Antidepressant drugs cost Americans $10 billion each year and have many nasty side effects: sleep disturbances, nausea, tremors, changes in body weight. Is there an easier way? According to Time Magazine, one psychologist thinks that exercise may be the best way to treat depression.
Jasper Smits’ ideas aren’t groundbreaking; observational studies in the 1970s and 80s showed that Americans who exercised were not only less likely to be depressed than those who did not but also less likely to become depressed in the future. And in 1999, a Duke study found that aerobic exercise was just as helpful in treating depression as Zoloft. More studies had similar findings: exercise boosts mood.
“I was really surprised that more people weren’t working in this area when I got into it,” says Smits, an associate professor of psychology at Southern Methodist University.
Why does it work?

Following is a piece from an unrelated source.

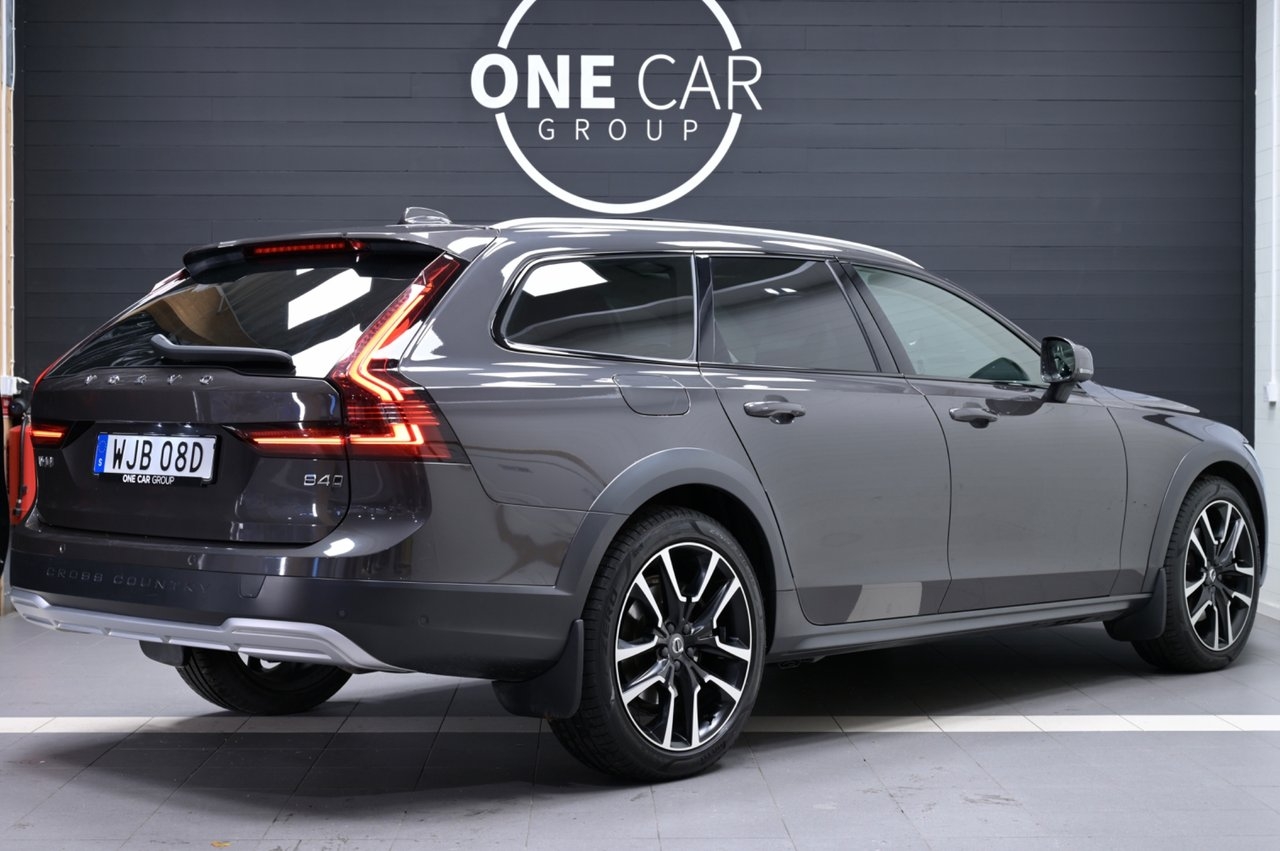 Volvo V90 Cross Country 2022, bild 6/10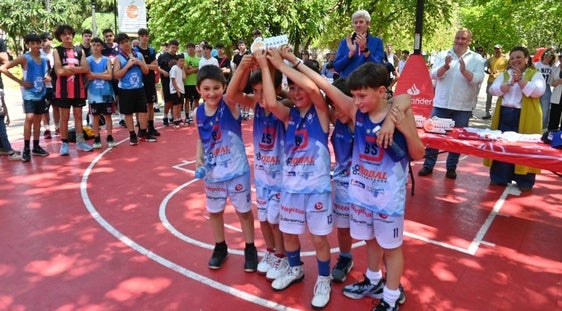 El baloncesto llenó el Parque de la Paz durante el Street Basket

Exercise may alter brain chemistry in much the same way that antidepressant drugs do — regulating the key neurotransmitters serotonin and norepinephrine. A University of Georgia study found that exercise can switch on certain genes that increase the brain’s level of galanin, a peptide neurotransmitter that appears to tone down the body’s stress response by regulating another brain chemical, norepinephrine. As a result, new problems don’t stress us out as much.
Maybe the science behind these findings is just more evidence that we’re not meant to be sitting around all day. Try to move a little more at work or check out these cool new folding bikes. Squeezing just a half hour of cardio into your day might be the key to happiness!